What is Git made of?

Git can be confusing. Git can be scary. Git CLI may be the least intuitive tool you have to use on a daily basis.

But also Git is a wonderfully simple and cleverly designed version control system that definitely deserves its popularity.

To prove this point I invite you to implement your own tiny Git that would be able to create a local repository, commit a single file to it, view commit logs and checkout a certain revision of that file.

It won’t be more than a couple hundred lines of code, we’ll try to keep things as simple as we can. Code examples would be in Go, but any other language is suitable for this tutorial, too.

git init

What turns an empty directory into an empty Git repository? You probably have noticed that Git stores all its internal data in a hidden directory .git. In fact, there are only a few special files/folder there that have to be created to let Git CLI treat it as a perfectly valid, empty repository:

$ mkdir -p .git/objects/info .git/objects/pack .git/refs/heads .git/refs/tags
$ echo "ref: refs/heads/main" > .git/HEAD
$ tree .git
.git
├── HEAD
├── objects
│   ├── info
│   └── pack
└── refs
    ├── heads
    └── tags
$ git symbolic-ref --short HEAD 
main
$ git log
fatal: your current branch 'main' does not have any commits yet

By using a couple of shell commands we’ve tricked Git into recognising our empty repository with a single main branch and no commits. But what is stored in these directories we’ve created?

objects

Almost everything in Git is stored as an object: every source file that you commit becomes a blob object, every commit itself is an object, tags are objects, too.

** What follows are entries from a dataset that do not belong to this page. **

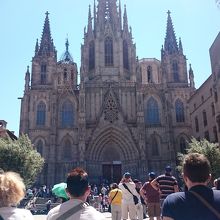 正面から全体を眺める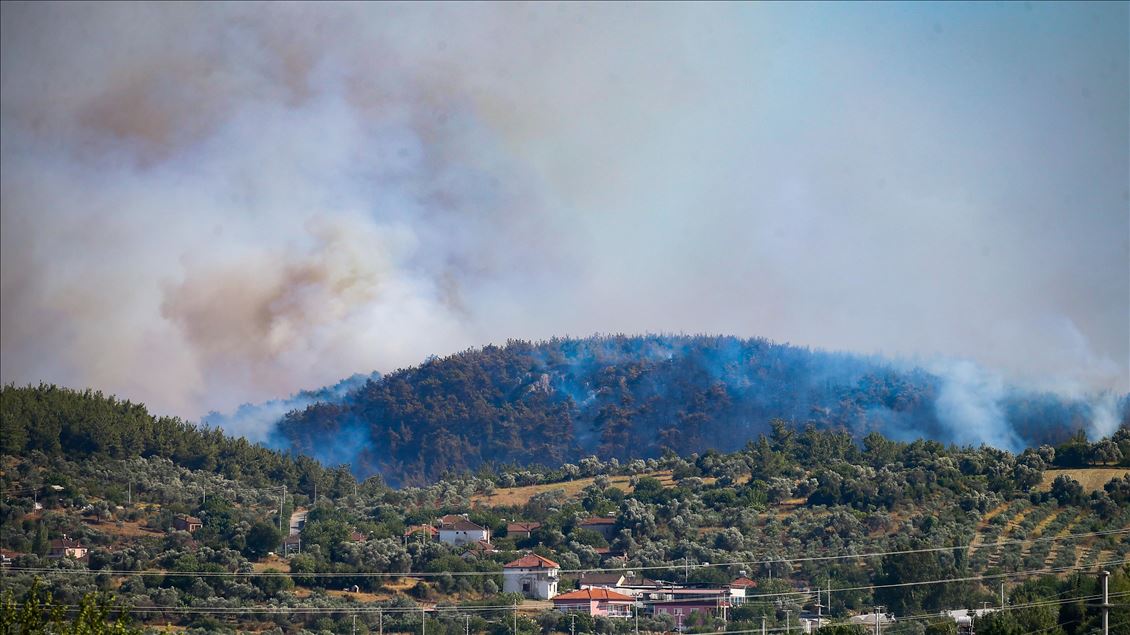 İzmir'in Menderes ilçesinde orman yangını çıktı
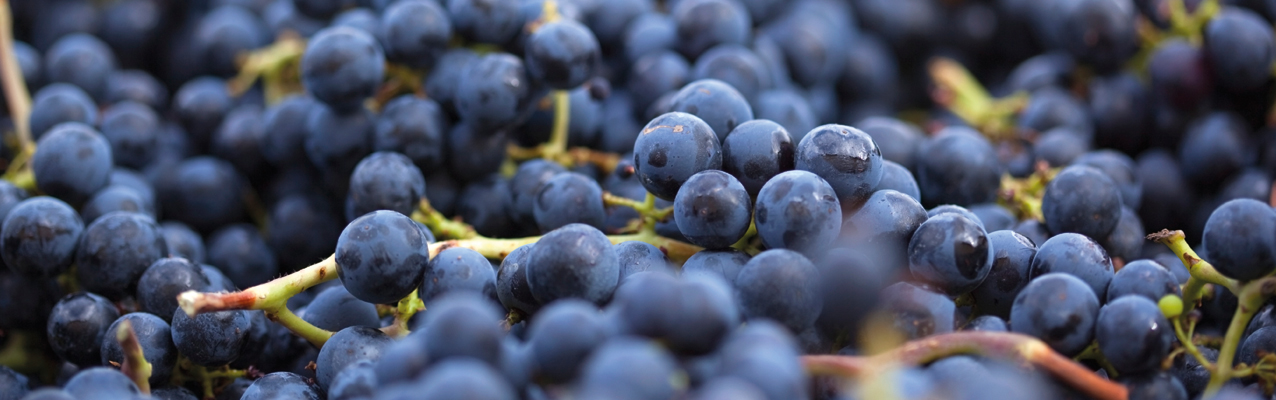 Bag-in-Box: Der Weinschlauch ist ein Hightech-Gewand Wein Wissen BiB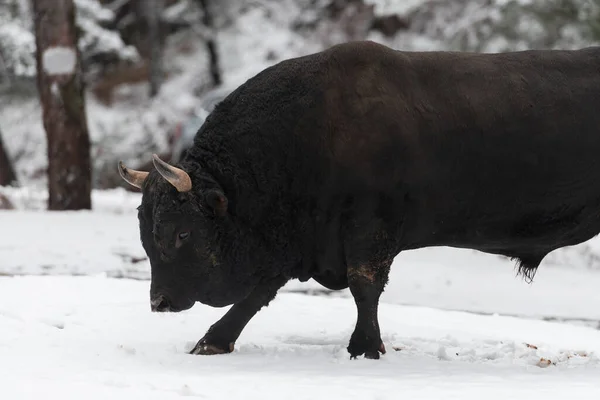 Un gros taureau noir dans l'entraînement à la neige pour se battre dans l'arène. Concept de corrida. Concentration sélective — Photo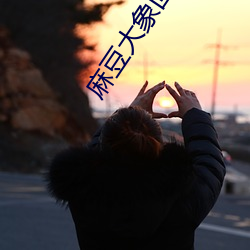 麻豆大象回家導航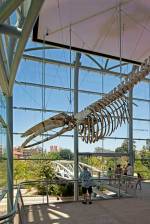 NATURAL HISTORY MUSEUM, Los Angeles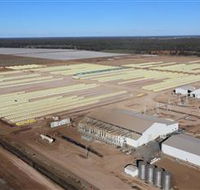 Southern Cotton Gin - Accommodation Kalgoorlie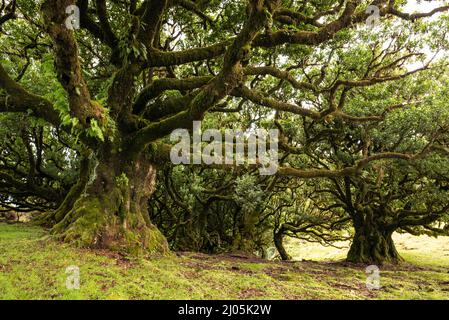 Der mystische Lorbeerwald von Fanal auf der Insel Madeira besteht aus beeindruckenden alten, stinkenden Lorbeerbäumen mit knarrigen, mit Moos bedeckten Ästen Stockfoto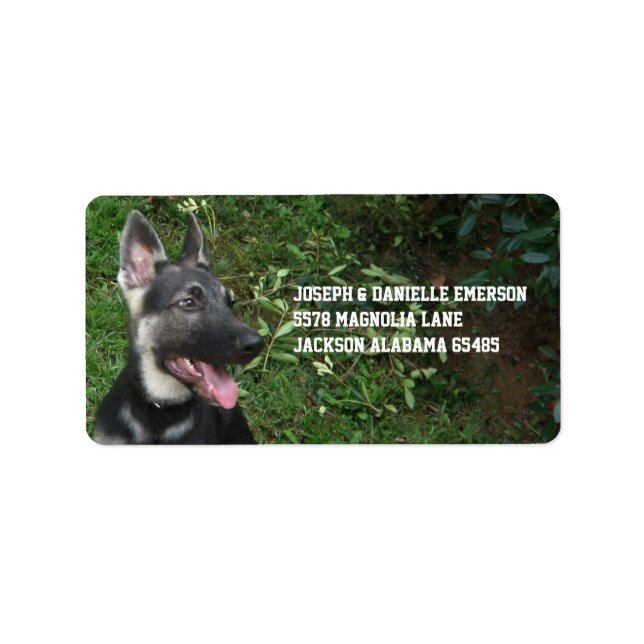 German Shepherd Puppy Address Labels (Front)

For example, we have committed a file.txt with the contents hello\n (6 bytes). This would create 3 objects: a blob (actual file contents), a tree (a list of file names and permissions), and a commit (a reference to the committed tree with some information about the committer, timestamp etc).

For every object Git stores its object type (“blob”, “tree” or “commit”) and a length in bytes. So our hello\n content would actually become blob 6\0hello\n object data. Additionally, Git uses compression to save disk space, so our object data will be compressed using zlib algorithm before being written to disk as a special file inside .git/objects.

hashes

Before we dive into the details of writing objects let’s talk about Git hashes.

Every object is uniquely identified inside a Git repo by the SHA hash of its contents. Originally Git was using SHA-1 hashing algorithm, but recent versions of switched to SHA-256 to reduce hash collisions. However, SHA-1 is still widely used in many modern Git setups, and we’ll be using it here as well.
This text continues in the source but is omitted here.